Three reasons converge. First, regulatory: BPC-157 has not been approved by any major regulatory authority for any human indication, which constrains the pathway to human studies. The FDA Category 2 listing in 2023 further restricted pharmacy compounding[18]. Second, structural: almost all key musculoskeletal and gastrointestinal papers come from a single research lab — Predrag Sikiric’s group at the University of Zagreb — and that group has not historically led human clinical-development work. The Pliva PL 14736 ulcerative colitis program reached Phase II in the mid-2000s and stopped[6]. Third, the broader peptide-research economics have not produced a sponsor willing to advance BPC-157 through controlled human trials despite the breadth of the preclinical record. The 2025 systematic review by Vasireddi et al. in HSS Journal states the ratio plainly: thirty-five preclinical to one clinical out of thirty-six indexed articles between 1993 and 2024[16].

Is BPC-157 a peptide, a drug, or a supplement?

BPC-157 is a synthetic peptide. It is not an approved drug under any major regulatory authority. It is not a dietary supplement under U.S. FDA rules — peptides of this kind do not qualify under DSHEA, and the FDA has issued statements identifying BPC-157 as an unapproved drug found in some wellness products. It is sold over the internet as a research chemical or research peptide, often mislabeled as a supplement.
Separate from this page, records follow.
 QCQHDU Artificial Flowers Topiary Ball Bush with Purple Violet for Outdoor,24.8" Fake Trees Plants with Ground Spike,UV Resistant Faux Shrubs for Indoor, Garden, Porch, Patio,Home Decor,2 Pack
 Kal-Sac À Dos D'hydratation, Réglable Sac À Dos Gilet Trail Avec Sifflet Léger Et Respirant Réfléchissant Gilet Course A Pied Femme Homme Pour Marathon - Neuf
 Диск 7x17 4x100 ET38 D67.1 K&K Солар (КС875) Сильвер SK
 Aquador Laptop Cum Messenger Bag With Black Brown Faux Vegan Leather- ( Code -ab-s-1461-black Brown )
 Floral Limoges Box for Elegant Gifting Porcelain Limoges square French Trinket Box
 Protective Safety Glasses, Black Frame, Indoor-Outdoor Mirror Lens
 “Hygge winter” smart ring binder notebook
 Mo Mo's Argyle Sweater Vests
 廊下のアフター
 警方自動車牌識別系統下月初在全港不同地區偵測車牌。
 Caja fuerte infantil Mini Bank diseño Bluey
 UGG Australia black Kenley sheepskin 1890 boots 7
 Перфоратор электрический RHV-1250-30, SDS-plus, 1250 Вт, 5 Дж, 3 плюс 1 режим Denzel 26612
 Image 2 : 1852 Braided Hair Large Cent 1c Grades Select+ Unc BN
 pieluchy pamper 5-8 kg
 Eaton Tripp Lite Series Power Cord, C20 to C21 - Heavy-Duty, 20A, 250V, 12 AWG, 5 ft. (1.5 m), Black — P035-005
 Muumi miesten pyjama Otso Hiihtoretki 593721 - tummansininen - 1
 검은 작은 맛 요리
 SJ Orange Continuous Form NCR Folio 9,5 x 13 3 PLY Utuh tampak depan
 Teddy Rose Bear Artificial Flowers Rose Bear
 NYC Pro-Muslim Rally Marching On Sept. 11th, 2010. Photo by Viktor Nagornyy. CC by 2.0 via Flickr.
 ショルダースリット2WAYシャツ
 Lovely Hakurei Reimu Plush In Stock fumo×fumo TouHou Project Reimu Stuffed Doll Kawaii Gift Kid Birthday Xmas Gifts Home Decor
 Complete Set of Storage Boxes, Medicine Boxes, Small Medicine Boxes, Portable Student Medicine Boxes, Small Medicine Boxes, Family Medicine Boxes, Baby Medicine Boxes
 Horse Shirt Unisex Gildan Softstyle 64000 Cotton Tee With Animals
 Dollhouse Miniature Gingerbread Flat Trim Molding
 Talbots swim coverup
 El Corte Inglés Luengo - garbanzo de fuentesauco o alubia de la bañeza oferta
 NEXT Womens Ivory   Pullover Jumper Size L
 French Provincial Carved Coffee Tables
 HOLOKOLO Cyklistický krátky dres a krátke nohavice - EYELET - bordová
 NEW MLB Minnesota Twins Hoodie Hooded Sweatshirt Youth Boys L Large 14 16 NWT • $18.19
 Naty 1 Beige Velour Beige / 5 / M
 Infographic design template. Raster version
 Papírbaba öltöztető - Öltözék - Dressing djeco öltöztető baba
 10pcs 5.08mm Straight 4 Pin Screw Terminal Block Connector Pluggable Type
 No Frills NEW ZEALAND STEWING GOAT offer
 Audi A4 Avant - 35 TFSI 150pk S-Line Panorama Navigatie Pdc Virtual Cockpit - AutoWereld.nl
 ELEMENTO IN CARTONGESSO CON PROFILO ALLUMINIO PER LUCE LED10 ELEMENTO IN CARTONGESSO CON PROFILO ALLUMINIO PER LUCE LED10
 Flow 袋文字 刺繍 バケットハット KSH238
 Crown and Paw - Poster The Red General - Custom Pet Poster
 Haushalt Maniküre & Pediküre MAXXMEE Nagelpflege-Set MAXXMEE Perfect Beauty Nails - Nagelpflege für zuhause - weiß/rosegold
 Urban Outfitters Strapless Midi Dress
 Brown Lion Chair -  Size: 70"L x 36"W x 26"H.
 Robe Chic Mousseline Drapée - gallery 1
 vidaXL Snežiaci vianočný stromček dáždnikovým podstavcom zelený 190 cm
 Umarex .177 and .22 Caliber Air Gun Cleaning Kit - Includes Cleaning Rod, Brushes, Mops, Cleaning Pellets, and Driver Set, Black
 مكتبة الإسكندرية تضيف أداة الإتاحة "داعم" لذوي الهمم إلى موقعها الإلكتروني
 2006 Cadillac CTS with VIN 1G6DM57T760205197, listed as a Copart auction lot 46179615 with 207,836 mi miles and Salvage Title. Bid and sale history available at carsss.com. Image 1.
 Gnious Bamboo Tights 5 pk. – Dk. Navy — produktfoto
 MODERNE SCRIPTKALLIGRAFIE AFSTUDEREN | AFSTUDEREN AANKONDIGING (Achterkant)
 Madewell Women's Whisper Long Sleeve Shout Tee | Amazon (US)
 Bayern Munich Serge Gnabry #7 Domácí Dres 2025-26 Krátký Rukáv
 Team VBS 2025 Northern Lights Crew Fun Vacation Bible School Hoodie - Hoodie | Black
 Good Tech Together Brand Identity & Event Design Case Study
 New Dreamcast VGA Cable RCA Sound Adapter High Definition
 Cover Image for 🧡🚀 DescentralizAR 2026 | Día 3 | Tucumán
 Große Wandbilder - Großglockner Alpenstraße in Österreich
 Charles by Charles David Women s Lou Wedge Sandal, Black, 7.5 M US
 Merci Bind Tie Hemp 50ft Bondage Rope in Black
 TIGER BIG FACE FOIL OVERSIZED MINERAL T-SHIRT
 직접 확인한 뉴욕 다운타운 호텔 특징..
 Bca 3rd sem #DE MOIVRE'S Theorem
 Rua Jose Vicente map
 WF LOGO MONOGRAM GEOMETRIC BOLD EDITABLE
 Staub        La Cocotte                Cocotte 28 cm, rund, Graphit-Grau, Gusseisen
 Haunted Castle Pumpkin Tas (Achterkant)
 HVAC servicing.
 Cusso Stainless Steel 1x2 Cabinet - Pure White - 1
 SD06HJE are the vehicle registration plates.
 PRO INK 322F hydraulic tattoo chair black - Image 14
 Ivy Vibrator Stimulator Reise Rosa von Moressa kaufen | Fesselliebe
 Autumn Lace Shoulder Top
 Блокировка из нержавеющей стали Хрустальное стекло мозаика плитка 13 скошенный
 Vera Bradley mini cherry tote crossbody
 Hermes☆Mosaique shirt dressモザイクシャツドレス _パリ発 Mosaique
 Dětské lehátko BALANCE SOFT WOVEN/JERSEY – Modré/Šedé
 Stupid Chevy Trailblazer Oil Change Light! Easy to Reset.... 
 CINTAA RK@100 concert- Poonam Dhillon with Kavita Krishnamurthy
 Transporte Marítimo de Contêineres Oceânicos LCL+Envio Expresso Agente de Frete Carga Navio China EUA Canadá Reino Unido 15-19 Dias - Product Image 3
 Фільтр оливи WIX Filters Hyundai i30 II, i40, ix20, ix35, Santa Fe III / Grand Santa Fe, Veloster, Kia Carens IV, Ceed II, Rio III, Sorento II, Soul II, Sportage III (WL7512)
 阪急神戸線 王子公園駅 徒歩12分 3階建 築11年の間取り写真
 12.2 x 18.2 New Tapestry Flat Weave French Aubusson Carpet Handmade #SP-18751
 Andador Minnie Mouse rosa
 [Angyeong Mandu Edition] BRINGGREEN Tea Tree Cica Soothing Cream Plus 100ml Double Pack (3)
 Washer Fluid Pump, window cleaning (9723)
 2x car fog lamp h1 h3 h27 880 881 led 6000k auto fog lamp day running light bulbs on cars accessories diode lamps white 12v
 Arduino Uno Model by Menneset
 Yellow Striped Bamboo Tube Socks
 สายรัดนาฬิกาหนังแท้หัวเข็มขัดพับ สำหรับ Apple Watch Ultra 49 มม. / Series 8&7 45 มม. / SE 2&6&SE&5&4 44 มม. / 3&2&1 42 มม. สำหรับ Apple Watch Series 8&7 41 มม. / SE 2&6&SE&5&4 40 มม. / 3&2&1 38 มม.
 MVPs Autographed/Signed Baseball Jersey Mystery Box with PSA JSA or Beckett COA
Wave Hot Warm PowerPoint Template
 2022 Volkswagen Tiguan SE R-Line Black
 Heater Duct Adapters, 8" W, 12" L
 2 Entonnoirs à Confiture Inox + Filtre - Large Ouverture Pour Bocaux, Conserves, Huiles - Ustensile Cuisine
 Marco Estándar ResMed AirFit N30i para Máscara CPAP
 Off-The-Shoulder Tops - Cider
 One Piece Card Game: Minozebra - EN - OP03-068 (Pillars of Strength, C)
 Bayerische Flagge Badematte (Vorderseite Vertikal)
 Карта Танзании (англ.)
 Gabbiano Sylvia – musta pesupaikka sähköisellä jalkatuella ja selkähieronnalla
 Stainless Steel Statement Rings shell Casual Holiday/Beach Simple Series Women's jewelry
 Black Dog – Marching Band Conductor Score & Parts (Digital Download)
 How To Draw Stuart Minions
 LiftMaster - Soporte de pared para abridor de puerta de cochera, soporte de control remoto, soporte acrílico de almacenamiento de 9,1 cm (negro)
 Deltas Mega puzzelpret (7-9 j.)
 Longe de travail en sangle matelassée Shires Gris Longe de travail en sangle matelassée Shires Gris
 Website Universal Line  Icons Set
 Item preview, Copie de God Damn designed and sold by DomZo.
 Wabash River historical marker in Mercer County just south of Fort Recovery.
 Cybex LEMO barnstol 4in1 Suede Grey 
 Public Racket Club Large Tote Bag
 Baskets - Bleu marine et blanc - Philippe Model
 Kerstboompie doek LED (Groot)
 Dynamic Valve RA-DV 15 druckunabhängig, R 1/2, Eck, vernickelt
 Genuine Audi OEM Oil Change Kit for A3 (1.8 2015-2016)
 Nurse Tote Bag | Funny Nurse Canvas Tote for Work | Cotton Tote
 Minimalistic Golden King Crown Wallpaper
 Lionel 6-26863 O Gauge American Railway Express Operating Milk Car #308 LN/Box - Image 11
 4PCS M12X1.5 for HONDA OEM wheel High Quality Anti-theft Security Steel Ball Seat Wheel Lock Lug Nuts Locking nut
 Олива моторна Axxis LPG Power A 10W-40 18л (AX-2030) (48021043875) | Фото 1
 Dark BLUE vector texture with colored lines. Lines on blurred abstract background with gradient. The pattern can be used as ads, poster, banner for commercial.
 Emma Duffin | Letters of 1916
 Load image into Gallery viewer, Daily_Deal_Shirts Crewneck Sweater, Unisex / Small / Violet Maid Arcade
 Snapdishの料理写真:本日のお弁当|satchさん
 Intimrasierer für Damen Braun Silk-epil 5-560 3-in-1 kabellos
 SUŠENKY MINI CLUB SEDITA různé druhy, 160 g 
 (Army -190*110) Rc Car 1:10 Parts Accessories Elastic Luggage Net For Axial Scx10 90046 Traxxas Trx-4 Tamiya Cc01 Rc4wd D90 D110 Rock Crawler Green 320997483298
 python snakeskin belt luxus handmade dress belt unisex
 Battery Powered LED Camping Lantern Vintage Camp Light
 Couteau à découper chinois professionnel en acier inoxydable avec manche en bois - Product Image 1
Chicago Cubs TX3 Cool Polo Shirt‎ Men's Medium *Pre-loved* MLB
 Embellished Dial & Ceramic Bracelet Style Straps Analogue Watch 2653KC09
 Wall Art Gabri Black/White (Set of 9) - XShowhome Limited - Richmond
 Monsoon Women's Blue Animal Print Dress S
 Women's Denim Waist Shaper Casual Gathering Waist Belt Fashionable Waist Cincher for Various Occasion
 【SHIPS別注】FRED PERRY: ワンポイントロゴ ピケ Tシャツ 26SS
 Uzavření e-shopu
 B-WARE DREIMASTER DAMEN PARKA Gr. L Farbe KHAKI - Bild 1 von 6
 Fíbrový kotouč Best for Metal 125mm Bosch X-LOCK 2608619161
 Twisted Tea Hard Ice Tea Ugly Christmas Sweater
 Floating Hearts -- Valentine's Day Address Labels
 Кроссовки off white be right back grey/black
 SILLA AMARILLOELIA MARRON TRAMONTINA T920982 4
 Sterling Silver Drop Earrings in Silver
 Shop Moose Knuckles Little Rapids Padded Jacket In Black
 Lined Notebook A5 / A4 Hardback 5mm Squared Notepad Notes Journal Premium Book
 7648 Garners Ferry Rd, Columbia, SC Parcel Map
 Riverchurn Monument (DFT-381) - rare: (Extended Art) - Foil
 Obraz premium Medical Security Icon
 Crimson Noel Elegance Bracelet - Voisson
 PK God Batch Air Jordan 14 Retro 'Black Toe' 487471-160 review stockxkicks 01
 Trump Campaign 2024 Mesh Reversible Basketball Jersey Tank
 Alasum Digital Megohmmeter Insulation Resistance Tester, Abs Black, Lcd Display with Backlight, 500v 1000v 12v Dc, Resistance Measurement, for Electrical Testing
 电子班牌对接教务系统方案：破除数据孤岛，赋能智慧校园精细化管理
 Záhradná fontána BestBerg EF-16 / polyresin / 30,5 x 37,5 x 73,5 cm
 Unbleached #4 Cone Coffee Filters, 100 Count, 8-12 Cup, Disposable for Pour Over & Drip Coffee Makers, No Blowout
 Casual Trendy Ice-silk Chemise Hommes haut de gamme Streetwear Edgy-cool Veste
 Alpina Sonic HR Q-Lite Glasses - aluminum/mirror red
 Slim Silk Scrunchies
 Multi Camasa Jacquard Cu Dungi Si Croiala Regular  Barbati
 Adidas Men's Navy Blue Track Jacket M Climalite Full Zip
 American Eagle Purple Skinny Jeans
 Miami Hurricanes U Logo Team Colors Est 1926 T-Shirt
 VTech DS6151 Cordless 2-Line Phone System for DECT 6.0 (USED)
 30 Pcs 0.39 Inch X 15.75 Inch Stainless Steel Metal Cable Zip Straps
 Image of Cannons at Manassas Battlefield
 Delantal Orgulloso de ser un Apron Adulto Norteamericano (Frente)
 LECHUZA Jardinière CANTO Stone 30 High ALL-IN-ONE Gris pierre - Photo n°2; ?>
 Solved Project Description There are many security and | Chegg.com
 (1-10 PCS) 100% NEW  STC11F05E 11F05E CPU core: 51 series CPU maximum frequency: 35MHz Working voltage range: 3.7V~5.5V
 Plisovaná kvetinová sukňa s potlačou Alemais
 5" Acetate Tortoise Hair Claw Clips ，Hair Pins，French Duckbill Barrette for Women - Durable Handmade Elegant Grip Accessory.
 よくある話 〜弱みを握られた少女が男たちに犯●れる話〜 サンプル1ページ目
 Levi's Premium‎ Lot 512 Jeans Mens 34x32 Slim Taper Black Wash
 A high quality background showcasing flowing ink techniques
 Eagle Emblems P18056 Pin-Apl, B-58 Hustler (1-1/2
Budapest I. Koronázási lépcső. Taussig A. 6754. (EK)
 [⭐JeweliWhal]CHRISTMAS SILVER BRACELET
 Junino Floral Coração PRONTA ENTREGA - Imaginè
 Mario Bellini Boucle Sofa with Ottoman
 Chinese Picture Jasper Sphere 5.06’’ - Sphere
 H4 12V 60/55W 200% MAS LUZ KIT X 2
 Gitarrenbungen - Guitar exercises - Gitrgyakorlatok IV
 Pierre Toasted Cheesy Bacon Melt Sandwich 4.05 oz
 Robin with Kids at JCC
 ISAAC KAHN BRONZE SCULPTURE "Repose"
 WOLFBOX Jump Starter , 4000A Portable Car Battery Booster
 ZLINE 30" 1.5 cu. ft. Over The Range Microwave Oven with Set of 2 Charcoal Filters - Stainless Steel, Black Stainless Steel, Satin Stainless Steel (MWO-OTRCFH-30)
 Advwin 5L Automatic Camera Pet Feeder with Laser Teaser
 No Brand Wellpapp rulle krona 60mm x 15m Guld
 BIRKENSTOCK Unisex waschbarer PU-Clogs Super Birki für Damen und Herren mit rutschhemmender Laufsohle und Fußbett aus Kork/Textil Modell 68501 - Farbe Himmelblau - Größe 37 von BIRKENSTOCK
The FDA Category 2 listing of September 2023 prohibits its use in 503A pharmacy compounding[18]. Product quality, identity, and purity have been reported as highly variable across non-pharmacy sources.

What is the half-life and bioavailability of BPC-157?

He et al. (2022), publishing in Frontiers in Pharmacology, reported intramuscular bioavailability of 14–19% in Sprague-Dawley rats and 45–51% in beagle dogs across dose ranges of 20–500 μg/kg (rat) and 6–150 μg/kg (dog)[11]. Peak plasma concentration (Tmax) was reached at approximately 3 minutes in rats and 6–9 minutes in dogs. Plasma half-life was under 30 minutes in both species after intramuscular dosing. The peptide is metabolized into six small fragments terminating in free amino acids, with proline notable among them; elimination occurs in urine and bile. Oral bioavailability is presumed by stability in gastric juice but has not been formally quantified in healthy humans.